Directions: Exactly the lines from the start of the data through the line containing "20Pcs 18 Inch" should be output, with both ends kept and nothing added.

[[ Entries provided, beginning ]]

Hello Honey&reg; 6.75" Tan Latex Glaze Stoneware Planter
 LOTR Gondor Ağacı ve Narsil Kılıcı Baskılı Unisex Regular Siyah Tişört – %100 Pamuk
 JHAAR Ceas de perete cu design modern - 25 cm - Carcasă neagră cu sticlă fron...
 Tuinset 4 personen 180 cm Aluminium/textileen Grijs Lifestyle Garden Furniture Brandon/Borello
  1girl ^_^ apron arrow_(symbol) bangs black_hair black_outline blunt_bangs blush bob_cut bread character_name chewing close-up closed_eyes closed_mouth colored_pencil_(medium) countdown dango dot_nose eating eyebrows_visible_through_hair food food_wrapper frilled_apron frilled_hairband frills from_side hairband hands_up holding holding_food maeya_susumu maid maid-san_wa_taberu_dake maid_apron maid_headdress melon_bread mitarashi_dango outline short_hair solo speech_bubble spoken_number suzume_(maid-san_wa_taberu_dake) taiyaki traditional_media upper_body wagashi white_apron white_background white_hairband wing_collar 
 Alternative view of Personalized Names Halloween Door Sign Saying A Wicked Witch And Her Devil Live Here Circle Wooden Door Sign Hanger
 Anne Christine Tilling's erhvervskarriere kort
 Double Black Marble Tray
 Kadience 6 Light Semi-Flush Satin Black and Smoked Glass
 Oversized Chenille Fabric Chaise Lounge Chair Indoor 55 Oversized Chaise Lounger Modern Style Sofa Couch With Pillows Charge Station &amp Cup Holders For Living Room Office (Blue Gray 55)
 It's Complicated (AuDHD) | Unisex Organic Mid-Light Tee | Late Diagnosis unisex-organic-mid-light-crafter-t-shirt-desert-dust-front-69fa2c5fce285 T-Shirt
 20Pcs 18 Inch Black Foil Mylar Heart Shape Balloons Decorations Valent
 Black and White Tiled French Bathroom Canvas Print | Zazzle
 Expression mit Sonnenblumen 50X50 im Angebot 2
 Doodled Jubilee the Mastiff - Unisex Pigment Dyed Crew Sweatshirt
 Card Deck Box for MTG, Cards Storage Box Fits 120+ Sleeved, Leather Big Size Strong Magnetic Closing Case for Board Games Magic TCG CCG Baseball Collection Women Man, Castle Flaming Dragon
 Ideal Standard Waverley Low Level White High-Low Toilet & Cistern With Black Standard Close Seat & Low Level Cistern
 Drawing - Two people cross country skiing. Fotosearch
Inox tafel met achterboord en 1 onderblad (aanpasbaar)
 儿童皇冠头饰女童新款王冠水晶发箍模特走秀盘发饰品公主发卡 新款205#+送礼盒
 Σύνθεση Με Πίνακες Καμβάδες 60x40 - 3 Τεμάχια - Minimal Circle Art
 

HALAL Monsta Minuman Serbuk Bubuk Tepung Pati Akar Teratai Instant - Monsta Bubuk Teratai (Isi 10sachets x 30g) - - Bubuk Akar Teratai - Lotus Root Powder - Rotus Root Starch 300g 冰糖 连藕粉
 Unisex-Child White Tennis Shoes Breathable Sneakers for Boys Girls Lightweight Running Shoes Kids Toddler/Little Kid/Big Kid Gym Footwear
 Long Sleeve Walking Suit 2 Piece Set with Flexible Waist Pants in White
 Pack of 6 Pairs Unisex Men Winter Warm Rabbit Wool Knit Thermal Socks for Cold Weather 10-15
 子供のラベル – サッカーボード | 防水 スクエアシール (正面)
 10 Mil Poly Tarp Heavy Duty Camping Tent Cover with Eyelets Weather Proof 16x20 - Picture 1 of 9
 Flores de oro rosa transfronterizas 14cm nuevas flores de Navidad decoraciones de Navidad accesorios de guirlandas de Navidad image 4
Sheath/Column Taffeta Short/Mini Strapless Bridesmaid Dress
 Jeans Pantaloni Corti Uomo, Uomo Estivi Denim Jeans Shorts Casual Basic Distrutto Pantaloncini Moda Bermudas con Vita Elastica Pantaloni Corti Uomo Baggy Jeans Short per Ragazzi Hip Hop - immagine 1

[[ Entries provided, end ]]

Response area:
Hello Honey&reg; 6.75" Tan Latex Glaze Stoneware Planter
 LOTR Gondor Ağacı ve Narsil Kılıcı Baskılı Unisex Regular Siyah Tişört – %100 Pamuk
 JHAAR Ceas de perete cu design modern - 25 cm - Carcasă neagră cu sticlă fron...
 Tuinset 4 personen 180 cm Aluminium/textileen Grijs Lifestyle Garden Furniture Brandon/Borello
  1girl ^_^ apron arrow_(symbol) bangs black_hair black_outline blunt_bangs blush bob_cut bread character_name chewing close-up closed_eyes closed_mouth colored_pencil_(medium) countdown dango dot_nose eating eyebrows_visible_through_hair food food_wrapper frilled_apron frilled_hairband frills from_side hairband hands_up holding holding_food maeya_susumu maid maid-san_wa_taberu_dake maid_apron maid_headdress melon_bread mitarashi_dango outline short_hair solo speech_bubble spoken_number suzume_(maid-san_wa_taberu_dake) taiyaki traditional_media upper_body wagashi white_apron white_background white_hairband wing_collar 
 Alternative view of Personalized Names Halloween Door Sign Saying A Wicked Witch And Her Devil Live Here Circle Wooden Door Sign Hanger
 Anne Christine Tilling's erhvervskarriere kort
 Double Black Marble Tray
 Kadience 6 Light Semi-Flush Satin Black and Smoked Glass
 Oversized Chenille Fabric Chaise Lounge Chair Indoor 55 Oversized Chaise Lounger Modern Style Sofa Couch With Pillows Charge Station &amp Cup Holders For Living Room Office (Blue Gray 55)
 It's Complicated (AuDHD) | Unisex Organic Mid-Light Tee | Late Diagnosis unisex-organic-mid-light-crafter-t-shirt-desert-dust-front-69fa2c5fce285 T-Shirt
 20Pcs 18 Inch Black Foil Mylar Heart Shape Balloons Decorations Valent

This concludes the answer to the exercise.